Over time, I came to spend afternoons sitting in the corrugated iron roof shed that was his store, the cool interiors smelling of cold cycle grease and the freshly brewed sweet tea from the stall. beside. While he was fixing something small on a bicycle, or teaching me about a new brake mechanism, we drank tea together. I like to think that Gopal-da and I saw in the era of liberalization in India: old, clunky, safe and solid cycles like my dudhwala bike were giving way to more fashionable, visually appealing machines, that Gopal-da believed he could not go the distance. He showed me the poor quality of the new brake mechanisms and expressed his horror at the twisted bits of wire passing for brake cords, insisting that they wouldn’t last a single monsoon in Calcutta. However, he vouched for the frame of my racing bike, which he said would stand the test of time. (As of this writing, said bicycle, now 34, is ridden by one of my students.)

Gopal-da was a muscular, stiff man with a lot of hair and a full beard. For me, it was the idealized, ambitious and slightly eroticized male body. He was a man made for lazy afternoons spent at work in a lazy and languid atmosphere. It’s possible that I shifted that awareness back then, but even now I can’t overtake a bike with a drop handlebars without ogling.
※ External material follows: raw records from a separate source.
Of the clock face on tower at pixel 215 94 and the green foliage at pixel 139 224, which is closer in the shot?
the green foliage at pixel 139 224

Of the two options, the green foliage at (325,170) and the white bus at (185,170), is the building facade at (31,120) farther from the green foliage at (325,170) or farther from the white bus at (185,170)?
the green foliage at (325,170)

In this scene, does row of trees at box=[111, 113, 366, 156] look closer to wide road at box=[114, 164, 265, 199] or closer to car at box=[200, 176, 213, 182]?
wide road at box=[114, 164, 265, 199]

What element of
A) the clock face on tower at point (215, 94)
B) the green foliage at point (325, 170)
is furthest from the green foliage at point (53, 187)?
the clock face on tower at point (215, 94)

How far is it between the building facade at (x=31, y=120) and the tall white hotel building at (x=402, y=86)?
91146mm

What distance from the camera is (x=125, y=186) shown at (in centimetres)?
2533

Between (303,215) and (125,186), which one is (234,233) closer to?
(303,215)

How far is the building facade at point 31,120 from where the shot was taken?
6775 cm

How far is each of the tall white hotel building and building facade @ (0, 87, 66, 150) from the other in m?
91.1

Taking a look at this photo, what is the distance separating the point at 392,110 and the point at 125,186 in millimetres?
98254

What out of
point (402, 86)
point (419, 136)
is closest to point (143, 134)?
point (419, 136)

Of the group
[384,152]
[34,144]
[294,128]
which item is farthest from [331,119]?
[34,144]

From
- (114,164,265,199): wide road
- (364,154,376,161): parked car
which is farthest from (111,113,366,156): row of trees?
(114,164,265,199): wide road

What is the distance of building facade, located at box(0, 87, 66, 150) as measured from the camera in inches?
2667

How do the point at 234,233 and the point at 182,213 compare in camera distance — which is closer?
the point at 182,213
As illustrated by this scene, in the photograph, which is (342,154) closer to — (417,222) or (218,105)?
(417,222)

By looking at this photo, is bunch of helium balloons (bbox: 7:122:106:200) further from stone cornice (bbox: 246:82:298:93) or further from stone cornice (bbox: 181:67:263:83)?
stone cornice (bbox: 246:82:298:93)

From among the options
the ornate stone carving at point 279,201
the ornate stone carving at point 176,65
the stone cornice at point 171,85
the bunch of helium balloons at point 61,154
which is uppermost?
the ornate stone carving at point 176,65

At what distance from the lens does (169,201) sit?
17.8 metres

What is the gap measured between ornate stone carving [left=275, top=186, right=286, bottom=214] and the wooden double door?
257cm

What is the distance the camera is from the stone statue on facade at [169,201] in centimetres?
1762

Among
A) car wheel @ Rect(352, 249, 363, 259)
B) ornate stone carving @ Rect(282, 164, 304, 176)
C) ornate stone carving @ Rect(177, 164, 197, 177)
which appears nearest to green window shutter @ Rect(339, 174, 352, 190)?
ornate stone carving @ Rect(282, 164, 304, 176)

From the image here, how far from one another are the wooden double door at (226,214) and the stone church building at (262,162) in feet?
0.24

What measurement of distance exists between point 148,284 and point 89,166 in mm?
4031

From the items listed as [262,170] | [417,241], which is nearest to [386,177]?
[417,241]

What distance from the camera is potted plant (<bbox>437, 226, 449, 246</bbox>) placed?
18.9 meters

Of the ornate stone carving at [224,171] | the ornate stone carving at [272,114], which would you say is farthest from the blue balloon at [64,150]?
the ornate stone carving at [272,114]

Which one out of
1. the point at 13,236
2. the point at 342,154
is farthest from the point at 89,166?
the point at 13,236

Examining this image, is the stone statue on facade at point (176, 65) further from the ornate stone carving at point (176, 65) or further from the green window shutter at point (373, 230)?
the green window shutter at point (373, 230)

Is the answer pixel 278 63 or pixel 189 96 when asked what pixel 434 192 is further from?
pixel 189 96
Around my second year in college, the unthinkable started to happen. Gopal-da has acquired a belly, a real Bangali Bhuri. It was around the same time, I think, that his tendency to borrow my racing bike decreased in frequency. Around the same time, Gopal-da’s daughter began to appear in her store, first as her father’s assistant, then (most often) as the store’s sole occupant and worker. My disappointment with Gopal-da’s fall from iconic status quickly established causal links between the three events, although a retrospective calculation would have placed Gopal-da at the dangerous age of around 40, when physical routines collapse on themselves and dream of a lazy present and the hard-earned and well-deserved future shakes some parts of men’s bodies. I was 19, approaching 20, and at least implicitly believed I was invulnerable, immortal, and invincible, so I had little or no sympathy for the situation. I never fully recognized my erotic admiration for the young woman, who I imagined to be between 15 and 16 years old. She was nervous, muscular, and wore men’s work clothes or cotton dresses as she casually lifted 25-kilo bikes on recycled bike chains hung from hooks. attached to the wooden beams which also supported the corrugated iron sheets.
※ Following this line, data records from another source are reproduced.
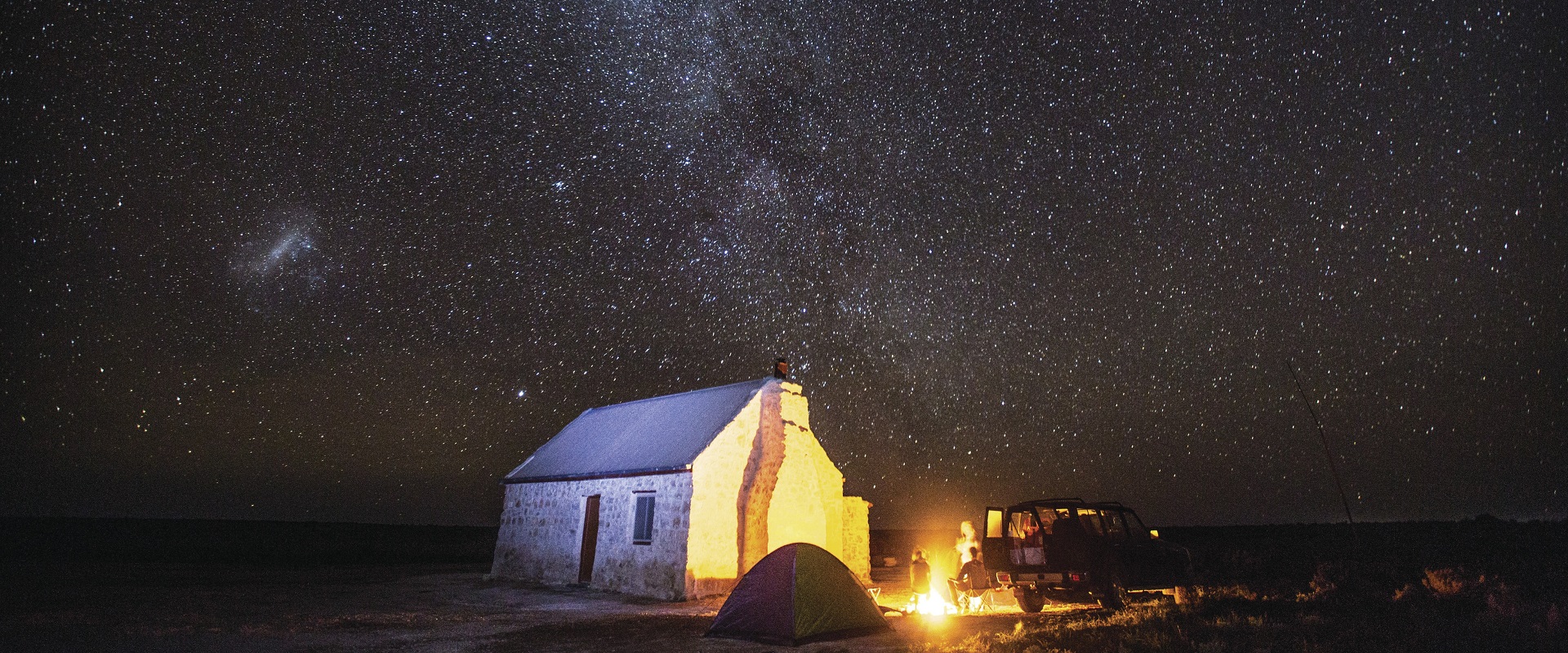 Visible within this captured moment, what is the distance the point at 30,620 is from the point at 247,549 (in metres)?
33.2

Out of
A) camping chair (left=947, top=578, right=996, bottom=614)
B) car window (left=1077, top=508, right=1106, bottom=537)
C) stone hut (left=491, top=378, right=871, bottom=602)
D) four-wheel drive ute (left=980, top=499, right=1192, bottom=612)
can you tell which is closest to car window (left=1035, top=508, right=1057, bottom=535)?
four-wheel drive ute (left=980, top=499, right=1192, bottom=612)

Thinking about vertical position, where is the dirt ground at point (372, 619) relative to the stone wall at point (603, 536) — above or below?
below

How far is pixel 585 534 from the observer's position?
19938 mm

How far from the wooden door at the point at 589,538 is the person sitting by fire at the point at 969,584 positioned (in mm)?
10107

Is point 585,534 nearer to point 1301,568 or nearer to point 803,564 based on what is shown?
point 803,564

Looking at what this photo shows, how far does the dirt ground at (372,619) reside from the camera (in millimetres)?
10359

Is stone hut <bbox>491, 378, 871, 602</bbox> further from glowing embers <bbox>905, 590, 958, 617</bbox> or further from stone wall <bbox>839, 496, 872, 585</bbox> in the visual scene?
glowing embers <bbox>905, 590, 958, 617</bbox>

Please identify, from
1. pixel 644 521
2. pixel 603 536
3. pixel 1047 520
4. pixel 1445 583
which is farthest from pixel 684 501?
pixel 1445 583

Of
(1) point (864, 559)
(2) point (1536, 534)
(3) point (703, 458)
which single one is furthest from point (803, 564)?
(2) point (1536, 534)

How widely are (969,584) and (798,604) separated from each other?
488cm

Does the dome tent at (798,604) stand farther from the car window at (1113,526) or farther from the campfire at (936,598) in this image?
the car window at (1113,526)

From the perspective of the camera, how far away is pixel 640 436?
21.2 m

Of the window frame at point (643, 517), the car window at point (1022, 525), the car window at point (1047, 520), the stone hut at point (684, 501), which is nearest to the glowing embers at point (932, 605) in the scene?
the car window at point (1022, 525)

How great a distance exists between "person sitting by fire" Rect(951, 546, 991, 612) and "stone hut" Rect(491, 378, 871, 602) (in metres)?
5.85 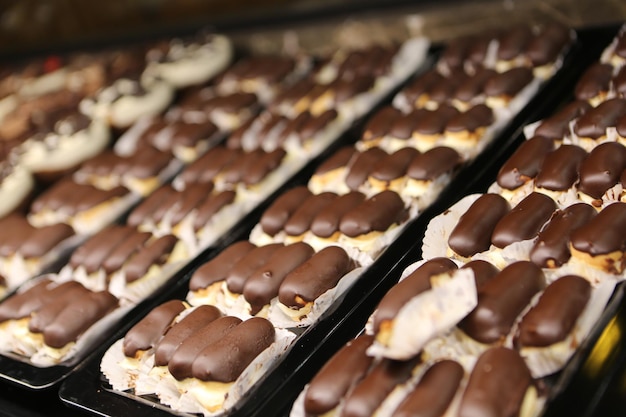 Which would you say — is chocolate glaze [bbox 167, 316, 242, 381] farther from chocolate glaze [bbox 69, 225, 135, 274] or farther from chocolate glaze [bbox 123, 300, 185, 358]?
chocolate glaze [bbox 69, 225, 135, 274]

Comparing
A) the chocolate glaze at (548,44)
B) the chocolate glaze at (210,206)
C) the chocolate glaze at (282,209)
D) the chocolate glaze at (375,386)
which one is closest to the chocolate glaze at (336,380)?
the chocolate glaze at (375,386)

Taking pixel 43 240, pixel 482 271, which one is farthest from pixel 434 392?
pixel 43 240

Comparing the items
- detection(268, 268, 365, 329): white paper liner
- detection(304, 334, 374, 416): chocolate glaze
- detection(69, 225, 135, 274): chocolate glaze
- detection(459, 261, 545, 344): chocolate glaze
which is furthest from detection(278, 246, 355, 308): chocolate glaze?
detection(69, 225, 135, 274): chocolate glaze

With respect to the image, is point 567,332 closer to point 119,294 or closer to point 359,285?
point 359,285

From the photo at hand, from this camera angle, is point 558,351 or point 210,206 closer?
point 558,351

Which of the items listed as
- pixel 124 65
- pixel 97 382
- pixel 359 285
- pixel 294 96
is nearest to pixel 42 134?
pixel 124 65

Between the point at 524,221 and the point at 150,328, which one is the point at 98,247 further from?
the point at 524,221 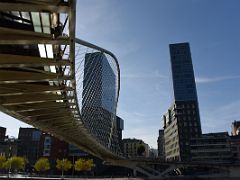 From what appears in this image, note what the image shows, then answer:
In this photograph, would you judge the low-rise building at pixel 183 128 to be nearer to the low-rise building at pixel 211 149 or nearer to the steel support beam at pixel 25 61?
the low-rise building at pixel 211 149

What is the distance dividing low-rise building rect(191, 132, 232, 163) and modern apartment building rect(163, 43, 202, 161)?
611cm

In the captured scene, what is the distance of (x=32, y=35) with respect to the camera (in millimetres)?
12742

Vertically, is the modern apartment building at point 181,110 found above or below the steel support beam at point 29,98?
above

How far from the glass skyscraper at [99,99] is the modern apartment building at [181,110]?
40705mm

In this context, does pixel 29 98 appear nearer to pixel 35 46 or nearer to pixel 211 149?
pixel 35 46

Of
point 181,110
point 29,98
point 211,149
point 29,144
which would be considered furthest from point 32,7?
point 29,144

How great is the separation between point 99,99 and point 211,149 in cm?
5927

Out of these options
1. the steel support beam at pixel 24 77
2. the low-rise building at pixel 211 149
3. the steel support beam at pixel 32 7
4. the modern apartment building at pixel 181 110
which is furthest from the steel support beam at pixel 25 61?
the modern apartment building at pixel 181 110

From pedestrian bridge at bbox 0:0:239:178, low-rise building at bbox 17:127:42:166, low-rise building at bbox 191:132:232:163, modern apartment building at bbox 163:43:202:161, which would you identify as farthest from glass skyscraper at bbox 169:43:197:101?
pedestrian bridge at bbox 0:0:239:178

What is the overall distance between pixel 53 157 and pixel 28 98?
111892 mm

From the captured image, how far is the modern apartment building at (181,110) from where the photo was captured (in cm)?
14625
And then one day the store was closed. The tea man next door could only tell me that Gopal-da had stopped running the bike shop: the black and yellow sign that had marked a world for me for so long had been demolished, and the shed padlocked was suddenly just another shapeless shape along an indefinable road. The tea man greeted me for about a year each time I walked past him and the nearby empty shed in the hope that the sign had magically reappeared, or Gopal-da or his daughter. But I never saw them again. After another year, I left town, and by the time I returned, it was not a place for cyclists. A completely different world had started to develop, as Calcutta was replaced by a new unknown place called Kolkata. Older pleasures seemed unusual and irresponsible. A high-ranking policeman advised me not to ride a bicycle: I had acquired political enemies and accidents could happen.

Benjamin Zachariah is a historian by training, working on comparative fascism and the politics of writing history.